When people are developing a content strategy, sometimes they run into problems. That’s to be expected with any complex business process, of course. There are many places you could have trouble, but I’m thinking today about two big categories:
- Trouble with content
- Trouble with strategy
I’m focusing on this particular dichotomy because it leads to opposite problems: Too much content [strategy issue] and too little [content]. I’ll get you something in the next couple of days on the strategy side of this equation, but you can probably already guess where I’m headed there with spam, content farms and other unwanted content.
I don’t know if the content side is the harder problem or not, but it’s definitely a mental issue. How many times have you thought about your content situation and said, I just don’t know what to say…I’m not sure how to proceed…I don’t see how my information can make a difference…or the worst: Our customers already know everything they need to know?
I’ve yet to meet a business that didn’t need more valuable content.

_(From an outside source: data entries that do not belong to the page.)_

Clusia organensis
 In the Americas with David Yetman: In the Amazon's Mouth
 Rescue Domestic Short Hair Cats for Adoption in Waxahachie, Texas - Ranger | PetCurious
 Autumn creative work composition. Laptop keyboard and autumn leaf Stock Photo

Sometimes we fall short on marketing, sometimes on customer support, sometimes on operations. But no matter what area of the business you touch, you need great content.
When you start a blog, and then stop, you’ve proved nothing. When you open a Twitter account, and don’t tweet, you’ve learned nothing. When you join a community, and don’t post, no one gains. When you add a help section on your site, but don’t actually give good instructions, you aren’t actually helping anyone.
How many times has your organization made a half-assed effort on content and then proclaimed it a failure?
I don’t ask that to judge — I’ve done the same myself. But we can’t expect great results from minimal effort. Great content takes expertise and hard work. Everyone’s got the capacity for both requirements, but it’s often a matter of getting them in the same place at the same time.
So it’s Friday afternoon where I am. It’s a great time to think about what you’re going to make happen next week. Plan now to throw some spaghetti on the wall next week, content-wise. I don’t mean that you should be haphazard about it — find a small project that you’ve been meaning to tackle, or a part of your product or marketing plan that needs a little love, and act on it. Get ready now so you can attack it Monday morning. Figure out now what it will take for you to judge the success of the project — and follow through step by step until you can say for sure whether it worked.